Pd nel caos. Bersani sembrava essere un politico malleabile, duttile, di passaggio. Invece è riuscito, con una lunga guerra di trincea, il segretario "di passaggio" è riuscito a disgregare le minoranze interne (veltroniani e cattolici) che agli albori della segreteria di Pier Luigi avevano avanzato richieste e pressioni per ottenere riconoscimenti e rappresentanze ovunque. Ora, invece, Bersani sta per arrivare alle (forse) primarie con in mano l'arma finale di annientamento del rottamatore fiorentino, Matteo Renzi. Che sarebbe schiacciato dalla preponderanza delle correnti che appoggiano, chi più chi meno, l'attuale segreteria.

Certo, le promesse di poltrone all'interno del futuro governo (auspicato ma per niente sicuro) di centrosinistra, hanno dato la possibilità a Bersani di porsi nella posizione di chi, al momento, potrebbe essere l'unico dirigente capace di fare l'ago della bilancia all'interno degli infiniti caminetti democratici. Magari scontentando temporaneamente qualcuno, ma sempre con l'impegno di dare a tutti un po' delle briciole che le prossime elezioni politiche produrranno.

Una partita interessante, con risvolti a livello nazionale, è sempre quella di Roma.
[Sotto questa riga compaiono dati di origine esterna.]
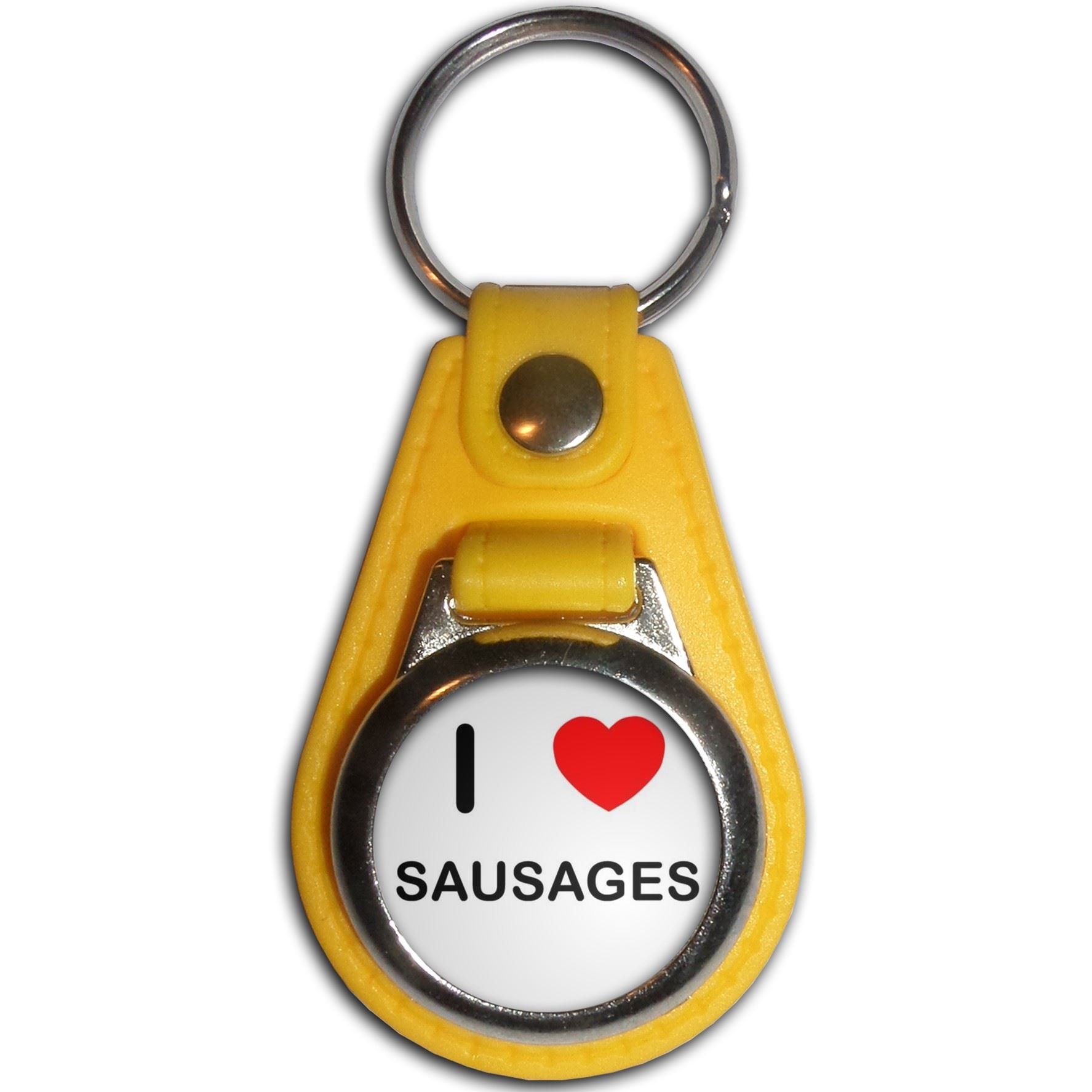 Portachiavi Plastica Cuore Con Scritta 'Sausages I Love' &ndash; BadgeBeast &ndash; Regalo Simpatico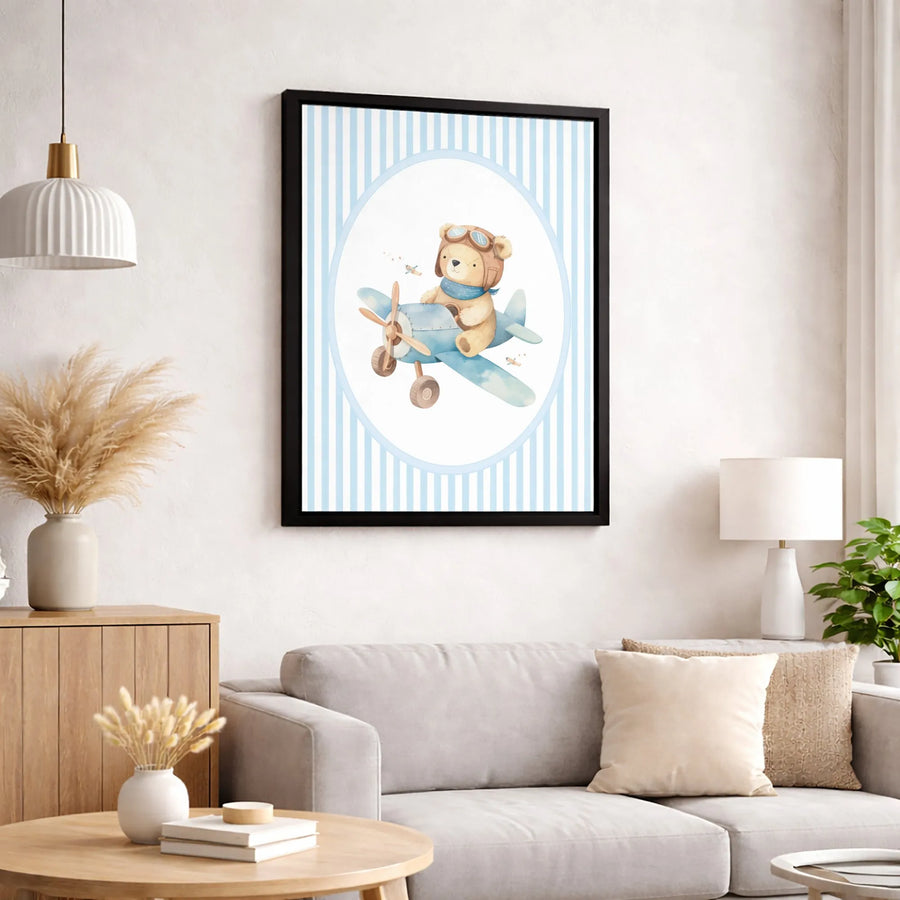 Baby Boy Nursery Wall Art | Cute Teddy Bear Pilot Flying Airplane | Premium Gallery-Wrap Canvas | Charming Baby Shower Gift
Le elezioni a sindaco nella Capitale saranno un banco di prova onnicomprensivo di tutti gli equilibri tentati (e talvolta applicati) tra centrosinistra, cattolici e sinistra radicale.  Si parla delle imminenti dimissioni di Alemanno. Eventualità che porterebbe ad uno spariglio senza eguali, per una serie di motivi, politici e istituzionali. I motivi politici sarebbero la conseguenza ineluttabile della presentazione immediata di un candidato sindaco del centrosinistra, senza poter celebrare le tanto decantate primarie di coalizione. Amministrativo perché una gestione commissariale porterebbe con sé l'impossibilità di apportare innovazioni negli enti (comunale e provinciale nel caso in cui il candidato del Pd fosse Zingaretti - attuale presidente della Provincia che si dovrebbe dimettere per presentarsi).

Si fanno largo tanti nomi. Tutti più o meno già "spesi" sulle colonne dei giornali negli scorsi mesi. Fra cui ne tornano alla ribalta, nei salotti dela sinistra che sceglie, due in particolare, caldeggiati anche dal partito de "La Repubblica". Il primo è quello del ministro Andrea Riccardi (esempio classico di unione fra sinistra e cattolici); l'altro è Concita de Gregorio (ben voluta dall'ala veltroniana del Pd, dall'associazionismo e dai salotti radical della Capitale). Quello di Concita, anche se caldeggiato da più parti, sarebbe un nome da spendere nel momento in cui, come già detto in passato, il centrodestra dovesse optare per la candidatura "forte" di Giorgia Meloni. Ipotesi ancora piuttosto remota (ma sempre in caldo), che obbligherebbe il centrosinistra ad una scelta di genere e non politicamente ragionata. La scelta prediletta rimane, malgrado le tante voci e le innumerevoli pressioni (esterne ed interne al partito), quella di Nicola Zingaretti. Il suo nome, affiancato alla carica di primo cittadino di Roma, consentirebbe senz'altro la soddisfazione di una serie di equilibri, sia per la sinistra di Sel sia per la Federazione della Sinistra.